About this exercise. With the pictures removed, the data below must be transcribed in full and exactly.

Source material.
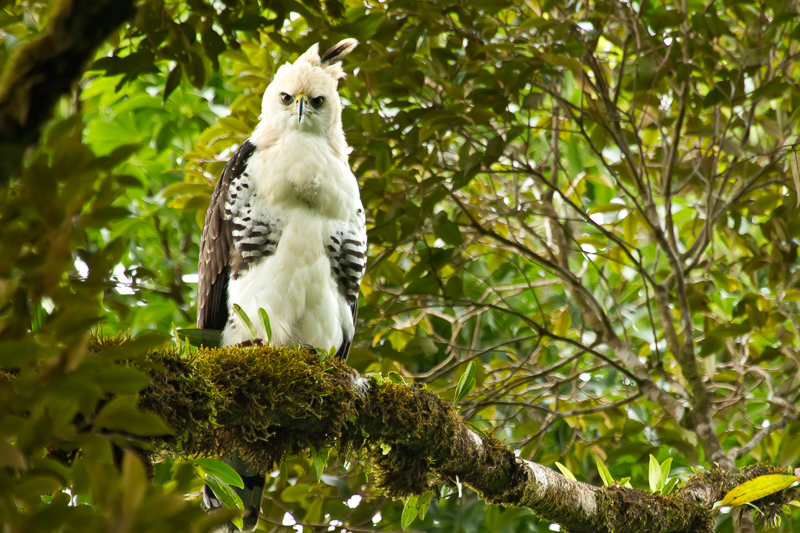Ornate Hawk Eagle Juvenile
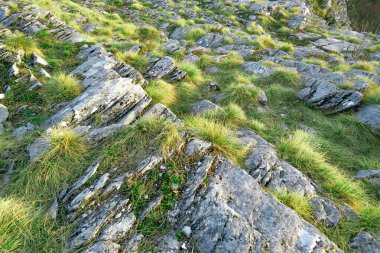 Yeşil çimenler ve kayalıklar tepe, arka plan dokusu.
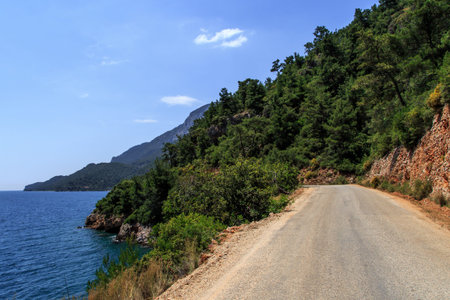 Front view of asphalt road with the view of blue sea and small trees.の写真素材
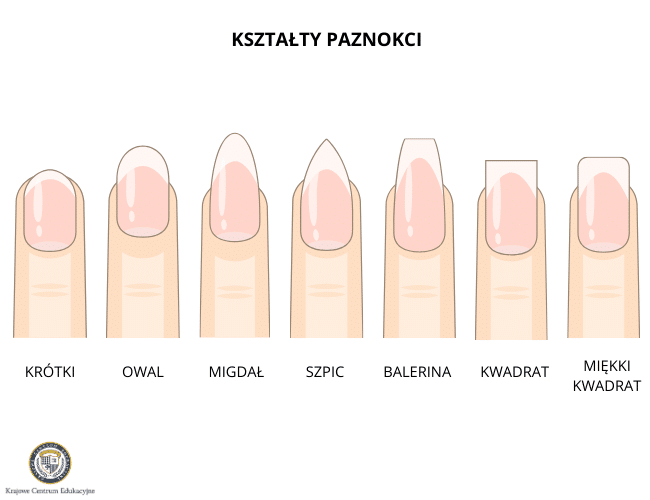 Kształty paznokci - od lewej: krótki, owal, migdał, szpic, balerina, kwadrat, miękki kwadrat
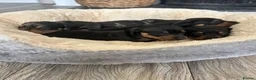 Miniature Dachshund dogs for sale: Miniature dachshund puppies - Advert 8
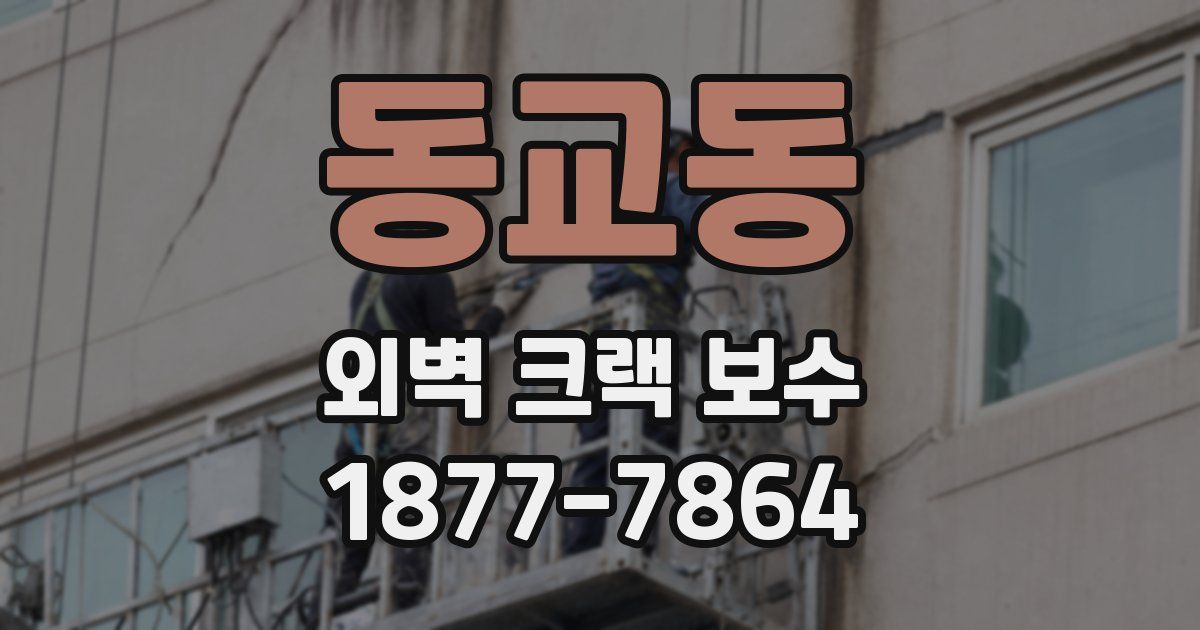 동교동 외벽 크랙 보수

Answer box.
Ornate Hawk Eagle Juvenile
 Yeşil çimenler ve kayalıklar tepe, arka plan dokusu.
 Front view of asphalt road with the view of blue sea and small trees.の写真素材
 Kształty paznokci - od lewej: krótki, owal, migdał, szpic, balerina, kwadrat, miękki kwadrat
 Miniature Dachshund dogs for sale: Miniature dachshund puppies - Advert 8
 동교동 외벽 크랙 보수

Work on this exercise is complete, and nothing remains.